=== RECORDS PROVIDED ===
□ □ □ □ □

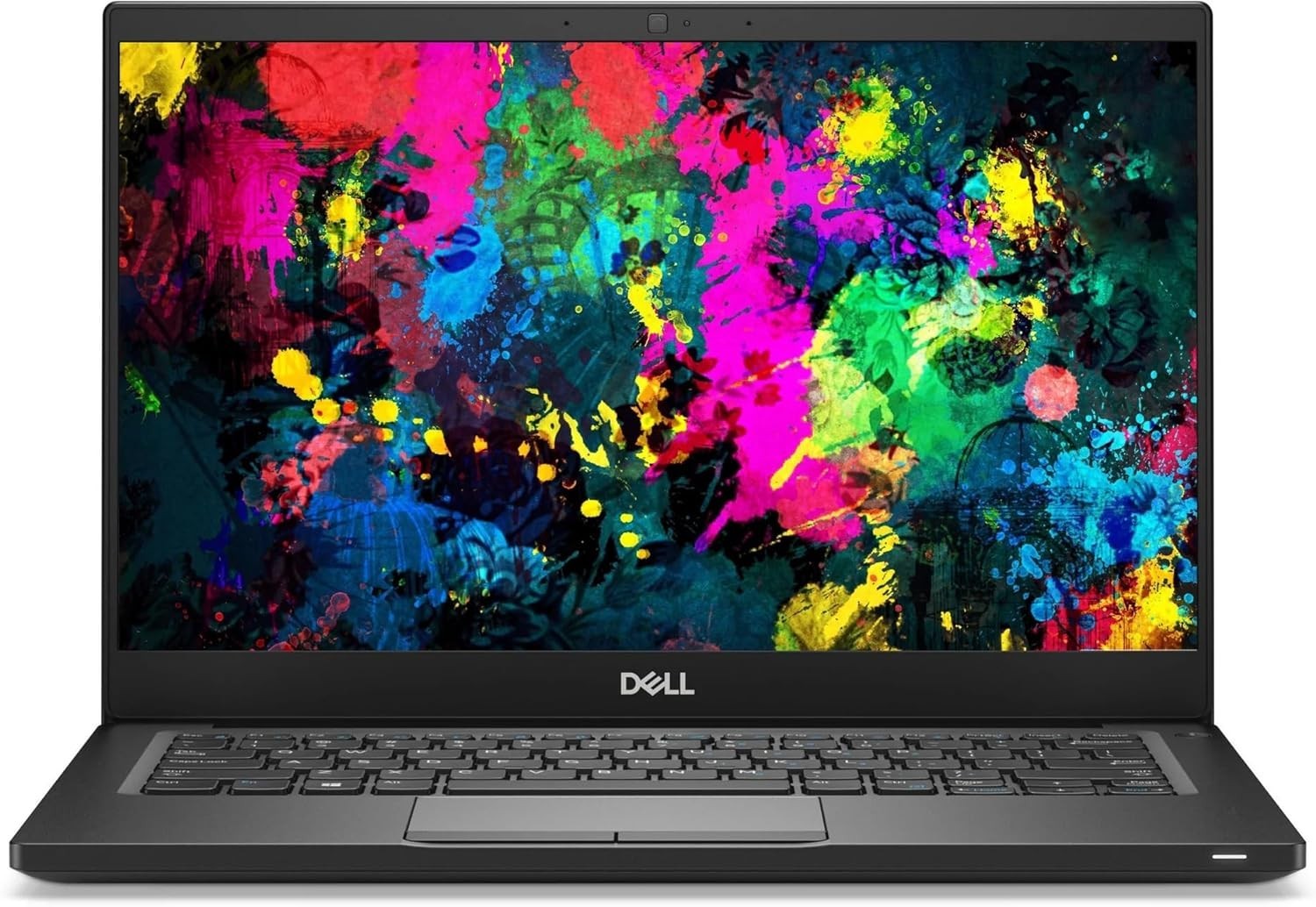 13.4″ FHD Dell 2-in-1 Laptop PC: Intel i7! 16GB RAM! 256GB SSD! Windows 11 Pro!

□ □ □ □ □

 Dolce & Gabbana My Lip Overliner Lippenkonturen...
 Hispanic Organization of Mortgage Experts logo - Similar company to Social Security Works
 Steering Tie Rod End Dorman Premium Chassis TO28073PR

□ □ □ □ □

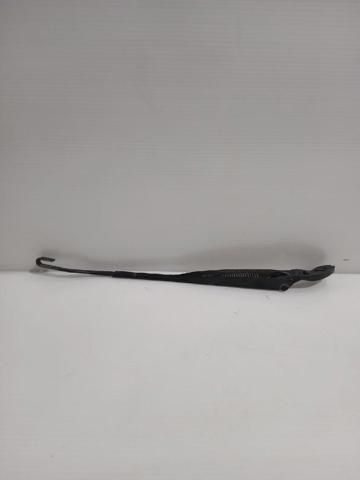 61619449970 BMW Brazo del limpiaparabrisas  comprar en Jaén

□ □ □ □ □

=== TASK PROMPT ===
Within the material above, the line with "Dolce & Gabbana" opens the range and the line with "Steering Tie Rod" closes it; reproduce that range word for word.

=== YOUR SOLUTION ===
 Dolce & Gabbana My Lip Overliner Lippenkonturen...
 Hispanic Organization of Mortgage Experts logo - Similar company to Social Security Works
 Steering Tie Rod End Dorman Premium Chassis TO28073PR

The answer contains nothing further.